While the city of Atchison, Kan., was included in the famous “Atchison, Topeka, & Santa Fe Railroad,” construction for the railroad began Oct. 30, 1868, at Topeka.

For more than two years there was no railroad at Atchison. Even so, after six months of construction only seven miles of track had been laid.

When the first locomotive steamed into Emporia on Sept. 14, 1870, attention finally turned to Atchison, but stockholders insisted that track be laid west as fast as possible that they might capture a share of the enormous business the Kansas Pacific was enjoying by shipping the cattle that were coming up the Chisholm Trail. Once that construction was fully underway to reach the cattle trail, a contract to build to Atchison was signed Nov. 29, 1870.

Surveying the route was always the first order of business in physically building a railroad. The route to Atchison, north of Topeka, was surveyed up the little valley of Indian Creek, a small stream that cut its way west of Calhoun Bluff, a ridge that rimmed the Kansas River valley. By early summer, 1871, construction to Atchison had begun.

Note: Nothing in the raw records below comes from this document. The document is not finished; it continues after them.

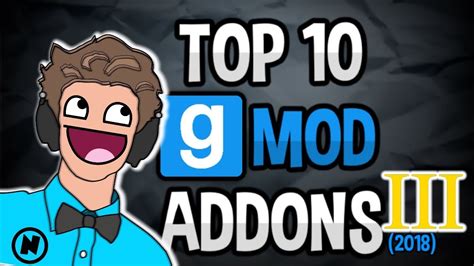 Top 10 Best Gmod Addons 2018 Garrys Mod Youtube
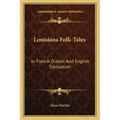 Louisiana Folk-Tales: In French Dialect and English Translation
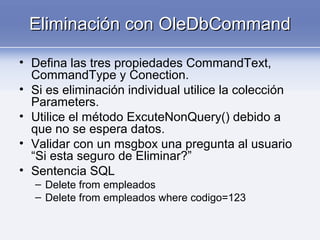 Eliminación con OleDbCommandEliminación con OleDbCommand
• Defina las tres propiedades CommandText,
CommandType y Conection.
• Si es eliminación individual utilice la colección
Parameters.
• Utilice el método ExcuteNonQuery() debido a
que no se espera datos.
• Validar con un msgbox una pregunta al usuario
“Si esta seguro de Eliminar?”
• Sentencia SQL
– Delete from empleados
– Delete from empleados where codigo=123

The survey to Atchison brought to light a man whose presence was virtually unknown to the good citizens of Topeka. The route staked by the railroad surveyors led directly over his Indian Creek dugout home about three and a half miles north of Topeka.

Curiosity brought a reporter from the Topeka Commonwealth to the broken-down door of William Dill, and the unusual story of a man who had withdrawn from the grasp of the modern world, that is, until the world came knocking.

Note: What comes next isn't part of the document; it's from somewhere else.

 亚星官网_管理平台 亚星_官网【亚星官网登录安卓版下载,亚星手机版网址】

Dill was described as 67 years old with long gray hair. Dressed in ragged pants and “an old shirt which has not been washed for months,” old William Dill presented “a very filthy and lousy” appearance. An old dog was his constant companion.

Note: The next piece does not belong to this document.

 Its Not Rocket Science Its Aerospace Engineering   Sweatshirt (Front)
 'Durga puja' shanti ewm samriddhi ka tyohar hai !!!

His neighbors rarely associated with him. Some believed he had money but was too miserly to use it. Others thought he lived in genuine poverty. He talked freely to those who visited him, but was “mum” about his financial circumstances.

A railroad “mess house” was nearby and since the railroad was going to take over his place anyway, he had taken to spending time with the workers. The railroaders dubbed him, “the Robinson Crusoe of Indian Creek.”

The broken-down door of his dugout, or “den” as the editor described it was merely two boards nailed together in the shape of an X.

Squalor and clutter greeted the reporter as he stepped inside the dark hovel. From the center of the leaky roof a box filled with victuals, and a bag of salt, hung by a rope. Several old trunks that looked “as though they might have been with Noah” skirted the fireplace at the back of the room.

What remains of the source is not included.